## Problem to solve
The records should be restated exactly from their first line through the line with "Funcionarios y programadores" in it.

Source data
☆ ☆ ☆

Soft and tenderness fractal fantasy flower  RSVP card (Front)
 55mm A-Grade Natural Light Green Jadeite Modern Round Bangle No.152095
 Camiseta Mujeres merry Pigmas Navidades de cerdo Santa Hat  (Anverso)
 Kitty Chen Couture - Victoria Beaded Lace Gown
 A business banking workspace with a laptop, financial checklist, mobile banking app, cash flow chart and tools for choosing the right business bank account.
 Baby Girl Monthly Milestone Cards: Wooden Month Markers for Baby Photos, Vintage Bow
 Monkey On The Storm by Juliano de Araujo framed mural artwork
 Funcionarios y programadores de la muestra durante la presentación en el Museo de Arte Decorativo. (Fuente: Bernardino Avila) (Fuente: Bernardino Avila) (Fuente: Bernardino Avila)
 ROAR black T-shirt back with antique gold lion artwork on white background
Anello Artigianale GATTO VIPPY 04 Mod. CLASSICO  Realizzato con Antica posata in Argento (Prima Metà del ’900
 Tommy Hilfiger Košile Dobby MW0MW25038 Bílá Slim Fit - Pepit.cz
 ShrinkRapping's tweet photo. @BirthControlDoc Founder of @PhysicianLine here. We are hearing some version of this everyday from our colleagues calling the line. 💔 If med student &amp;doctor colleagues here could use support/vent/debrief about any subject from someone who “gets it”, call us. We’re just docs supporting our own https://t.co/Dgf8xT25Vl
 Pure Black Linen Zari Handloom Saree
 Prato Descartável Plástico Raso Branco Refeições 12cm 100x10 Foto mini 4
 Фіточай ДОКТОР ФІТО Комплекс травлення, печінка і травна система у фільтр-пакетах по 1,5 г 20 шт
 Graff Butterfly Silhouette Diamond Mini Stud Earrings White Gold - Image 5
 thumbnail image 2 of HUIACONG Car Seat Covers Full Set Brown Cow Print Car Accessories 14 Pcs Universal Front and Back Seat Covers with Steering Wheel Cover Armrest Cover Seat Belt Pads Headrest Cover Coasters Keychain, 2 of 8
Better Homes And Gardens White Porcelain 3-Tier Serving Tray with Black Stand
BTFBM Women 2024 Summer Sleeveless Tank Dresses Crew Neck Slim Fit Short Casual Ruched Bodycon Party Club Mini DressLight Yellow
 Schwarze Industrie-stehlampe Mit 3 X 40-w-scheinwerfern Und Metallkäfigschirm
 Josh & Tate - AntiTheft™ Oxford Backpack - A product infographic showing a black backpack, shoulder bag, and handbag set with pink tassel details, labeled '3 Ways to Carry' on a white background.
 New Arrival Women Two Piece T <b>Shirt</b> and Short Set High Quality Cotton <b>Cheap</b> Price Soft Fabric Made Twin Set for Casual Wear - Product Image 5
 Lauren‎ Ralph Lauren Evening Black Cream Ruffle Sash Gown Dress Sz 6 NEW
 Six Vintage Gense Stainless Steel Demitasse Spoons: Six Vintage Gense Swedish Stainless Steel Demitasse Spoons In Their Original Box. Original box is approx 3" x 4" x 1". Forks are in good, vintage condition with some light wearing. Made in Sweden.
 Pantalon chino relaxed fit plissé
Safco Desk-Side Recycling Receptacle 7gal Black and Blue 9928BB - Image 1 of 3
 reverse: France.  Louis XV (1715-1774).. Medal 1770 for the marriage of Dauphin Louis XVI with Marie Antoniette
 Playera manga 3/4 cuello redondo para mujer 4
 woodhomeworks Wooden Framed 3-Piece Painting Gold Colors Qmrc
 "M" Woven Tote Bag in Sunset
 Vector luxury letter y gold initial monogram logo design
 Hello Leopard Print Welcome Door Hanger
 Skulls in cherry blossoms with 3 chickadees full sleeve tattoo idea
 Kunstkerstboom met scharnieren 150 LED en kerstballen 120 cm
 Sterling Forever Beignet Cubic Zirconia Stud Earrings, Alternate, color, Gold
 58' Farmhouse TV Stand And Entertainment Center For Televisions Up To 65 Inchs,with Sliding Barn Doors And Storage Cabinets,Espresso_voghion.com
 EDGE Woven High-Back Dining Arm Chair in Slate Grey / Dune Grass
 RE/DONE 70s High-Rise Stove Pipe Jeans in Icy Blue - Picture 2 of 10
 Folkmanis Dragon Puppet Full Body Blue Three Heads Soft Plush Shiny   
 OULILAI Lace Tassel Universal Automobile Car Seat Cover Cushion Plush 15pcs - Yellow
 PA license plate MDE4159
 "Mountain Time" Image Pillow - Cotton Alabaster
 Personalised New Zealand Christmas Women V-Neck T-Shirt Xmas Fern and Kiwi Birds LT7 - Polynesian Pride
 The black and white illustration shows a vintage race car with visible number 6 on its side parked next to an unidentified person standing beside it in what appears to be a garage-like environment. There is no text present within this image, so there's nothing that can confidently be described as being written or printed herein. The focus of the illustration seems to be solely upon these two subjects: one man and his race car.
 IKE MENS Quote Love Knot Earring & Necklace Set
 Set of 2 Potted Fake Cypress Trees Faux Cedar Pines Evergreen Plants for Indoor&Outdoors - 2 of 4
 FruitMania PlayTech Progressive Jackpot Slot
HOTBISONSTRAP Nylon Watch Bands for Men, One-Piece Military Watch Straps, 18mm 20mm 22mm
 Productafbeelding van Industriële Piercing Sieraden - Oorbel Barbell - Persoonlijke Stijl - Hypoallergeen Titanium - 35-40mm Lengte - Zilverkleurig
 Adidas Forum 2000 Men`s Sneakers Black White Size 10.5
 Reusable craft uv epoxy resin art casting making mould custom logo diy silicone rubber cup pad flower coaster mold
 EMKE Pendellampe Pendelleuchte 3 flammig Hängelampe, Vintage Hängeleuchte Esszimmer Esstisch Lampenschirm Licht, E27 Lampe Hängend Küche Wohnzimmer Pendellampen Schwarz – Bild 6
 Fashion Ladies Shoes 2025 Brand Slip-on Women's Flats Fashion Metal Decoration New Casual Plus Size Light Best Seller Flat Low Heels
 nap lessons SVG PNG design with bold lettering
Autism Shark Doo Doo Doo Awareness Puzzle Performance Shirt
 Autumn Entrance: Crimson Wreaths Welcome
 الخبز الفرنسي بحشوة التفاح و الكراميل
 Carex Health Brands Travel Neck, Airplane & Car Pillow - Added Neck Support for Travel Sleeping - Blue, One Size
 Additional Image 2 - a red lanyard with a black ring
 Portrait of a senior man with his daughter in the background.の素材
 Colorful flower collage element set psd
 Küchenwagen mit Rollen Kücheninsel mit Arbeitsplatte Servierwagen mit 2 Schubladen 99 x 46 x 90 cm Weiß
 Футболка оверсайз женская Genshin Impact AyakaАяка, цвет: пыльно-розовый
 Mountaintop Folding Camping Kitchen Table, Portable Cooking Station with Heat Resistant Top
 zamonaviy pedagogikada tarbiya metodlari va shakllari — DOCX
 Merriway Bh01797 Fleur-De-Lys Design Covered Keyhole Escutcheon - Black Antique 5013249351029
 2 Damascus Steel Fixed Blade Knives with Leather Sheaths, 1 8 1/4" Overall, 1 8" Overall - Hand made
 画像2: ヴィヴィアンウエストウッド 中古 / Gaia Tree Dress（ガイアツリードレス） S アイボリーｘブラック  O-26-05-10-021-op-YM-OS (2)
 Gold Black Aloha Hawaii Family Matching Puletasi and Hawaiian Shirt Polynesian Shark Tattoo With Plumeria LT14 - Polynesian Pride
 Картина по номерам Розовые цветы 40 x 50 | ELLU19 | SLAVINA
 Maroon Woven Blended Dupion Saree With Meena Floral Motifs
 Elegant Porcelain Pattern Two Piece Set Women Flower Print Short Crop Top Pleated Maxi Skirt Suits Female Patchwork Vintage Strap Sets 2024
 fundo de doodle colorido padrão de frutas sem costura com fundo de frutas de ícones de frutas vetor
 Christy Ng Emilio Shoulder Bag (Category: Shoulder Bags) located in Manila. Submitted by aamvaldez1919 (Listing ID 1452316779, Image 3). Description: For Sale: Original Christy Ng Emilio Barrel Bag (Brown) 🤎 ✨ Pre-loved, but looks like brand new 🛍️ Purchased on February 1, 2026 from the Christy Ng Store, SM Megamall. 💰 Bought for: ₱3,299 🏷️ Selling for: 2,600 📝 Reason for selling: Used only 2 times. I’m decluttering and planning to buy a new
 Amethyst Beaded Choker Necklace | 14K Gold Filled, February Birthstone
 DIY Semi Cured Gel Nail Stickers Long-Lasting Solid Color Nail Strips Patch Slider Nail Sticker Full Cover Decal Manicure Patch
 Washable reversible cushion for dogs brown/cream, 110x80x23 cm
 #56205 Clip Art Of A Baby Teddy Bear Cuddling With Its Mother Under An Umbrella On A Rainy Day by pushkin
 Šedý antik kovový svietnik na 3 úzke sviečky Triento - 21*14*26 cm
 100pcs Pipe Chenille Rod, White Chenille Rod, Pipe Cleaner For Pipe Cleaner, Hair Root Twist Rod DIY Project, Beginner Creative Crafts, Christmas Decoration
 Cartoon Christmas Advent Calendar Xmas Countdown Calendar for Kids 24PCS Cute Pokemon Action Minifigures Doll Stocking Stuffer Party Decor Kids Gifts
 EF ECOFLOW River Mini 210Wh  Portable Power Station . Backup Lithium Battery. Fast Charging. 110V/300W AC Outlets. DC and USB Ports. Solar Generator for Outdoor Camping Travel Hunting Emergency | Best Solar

☆ ☆ ☆

## Finished exercise
Soft and tenderness fractal fantasy flower  RSVP card (Front)
 55mm A-Grade Natural Light Green Jadeite Modern Round Bangle No.152095
 Camiseta Mujeres merry Pigmas Navidades de cerdo Santa Hat  (Anverso)
 Kitty Chen Couture - Victoria Beaded Lace Gown
 A business banking workspace with a laptop, financial checklist, mobile banking app, cash flow chart and tools for choosing the right business bank account.
 Baby Girl Monthly Milestone Cards: Wooden Month Markers for Baby Photos, Vintage Bow
 Monkey On The Storm by Juliano de Araujo framed mural artwork
 Funcionarios y programadores de la muestra durante la presentación en el Museo de Arte Decorativo. (Fuente: Bernardino Avila) (Fuente: Bernardino Avila) (Fuente: Bernardino Avila)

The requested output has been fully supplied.